I was ranting, wasn’t I? Sorry. Ranting. On we go.

That is quite a predicament for an Earth-bound Fey, she said, and I swear to you—I know it’s impossible because she was in the throne room and I was under it, but I swear—she touched me with those wide golden tendrils of hers. They’re thin as air, supple as breasts, deadly as the truest blade.

I was sure in that moment they’d be cleaning my guts off the gold by morning.

Perhaps we can make a deal, you and I, she said, which is definitely not what I expected. In fact, I was so shocked, she had to repeat it before I’d reply.

“A deal? With you? With me? What could I possibly offer you?” I squeaked/gasped/gulped/etc.

A favor. One that requires the ability to leave these premises, and while I have many abilities, travel is not among them.

I wasn’t sure if that was meant to be a joke or not, so I panicked and laughed anyway.
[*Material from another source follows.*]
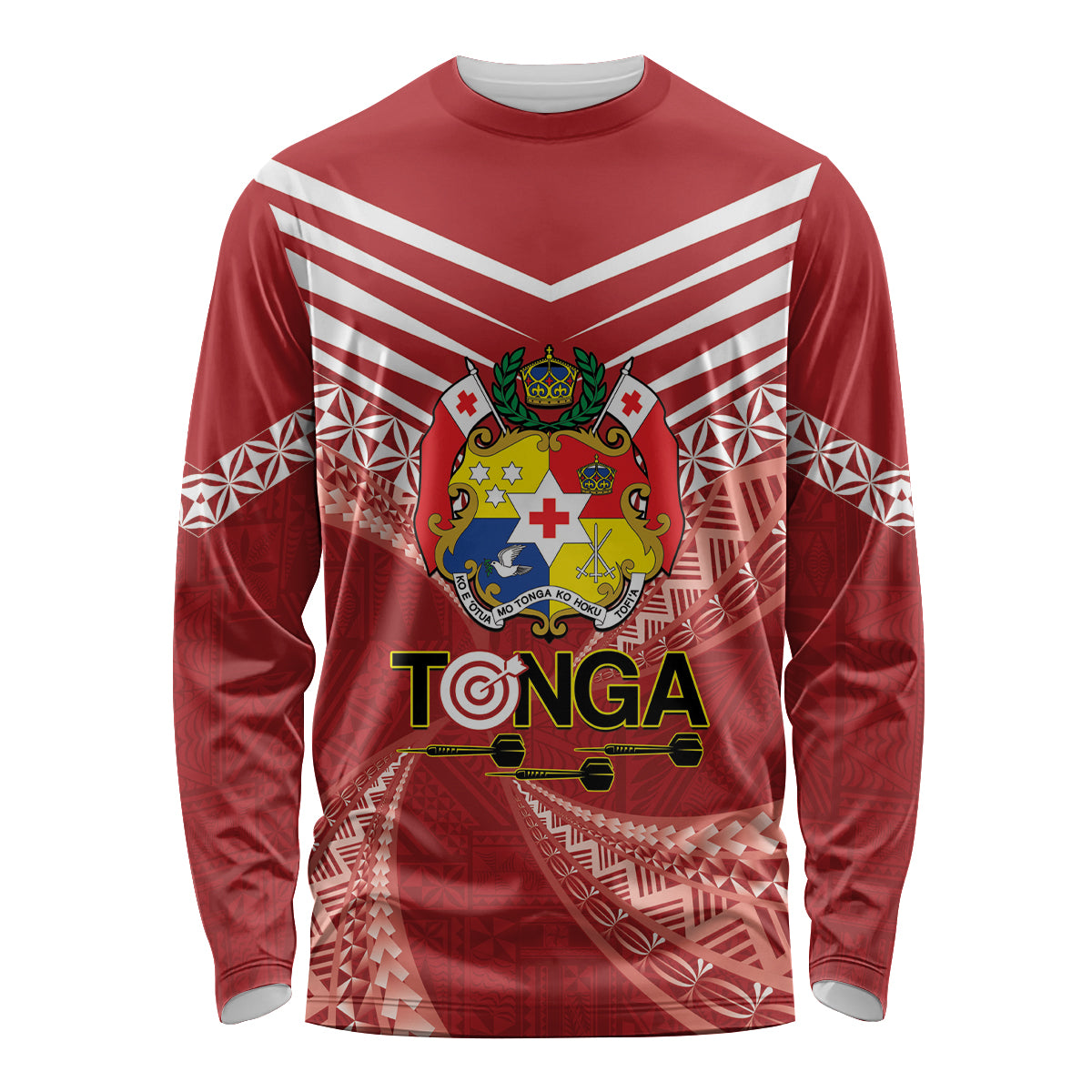 Tonga Darts Long Sleeve Shirt Tongan Ngatu Pattern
Those tendrils—they say they look like hammered gold, but these felt like silk—brushed over my mouth, my face, my shaking shoulders. I need one to carry a message for me. Perhaps we can help each other. Perhaps I can make it so worth your while that you are willing to place my needs in a higher priority than your own.

This had to be good. Or it was a trap. Or… I didn’t know. Look, I doubt you’d have done any better. “Sure. Why not? Hey, I’m all about service to the, er, throne. The head of state. The… bottom of state? Sorry, I don’t really know the terminology—”

Hush.

I hushed!

And she gave me a message. Then, she gave me your name. Then, she gave me something I’ll never forget for all my days.
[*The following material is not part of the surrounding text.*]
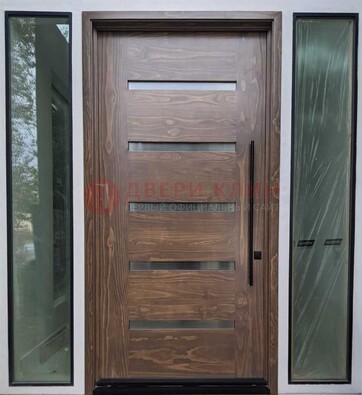 Железная дверь с виноритом и фрамугами ДВТ-189 в Самаре
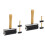 6Pcs Black Rubber Brayer Rollers for Ink Application and Printmaking 6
Look, I know you know this, but our power—the magic Fey naturally create—is taken from us before we’re born. Siphoned, stolen; we never even know what it feels like to simply make magic like everybody else because we’re never given the chance. It’s taken, given to the Throne and the Crown, and then they keep us safe (or play celestial conkers, or whatever the hell they do with it all). And we get along just fine, substituting by taking it from outside sources, learning to generate it wherever we can.

But we have no idea what it’s like to feel it welling from inside like life’s blood.

I do now. I do. She gave that to me, with the promise that I’d have more, if I’d just get this message to you.

So that’s why I’m here, all right? It’s why I broke in, why I purposely tripped your alarms to get your attention (yes,that was on purpose, dammit), and why I stuck around afterward and let you catch me.

I need it again. I need to feel that. I need it back, my own power, what I myself am creating, blooming inside me. And she’ll give it if I just give you this message:

Come home.

There. See? Simple. Two little words! Just “come home!” She doesn’t even ask that I ensure you obey it, just that I deliver it!

So that’s done now, and I have this crown she gave me from the treasury, which I need to deliver to Charles (I’m going to stick it under his bed, or something).

No, I’m not hanging around here. My power is back, you see. I know your own gathered power is probably better, off-hand, but this… this is coming from inside me. I’m making it. It’s my very own. Haha! Hahaha! You couldn’t stop me from leaving if you tried.

Oh, and I think you’d better obey her and go home. I have a feeling if you don’t, next time she won’t send some down-on-his-luck thief. I think next time, you might not be given a choice.

Ciao. Time to go make an elderly human very rich, indeed.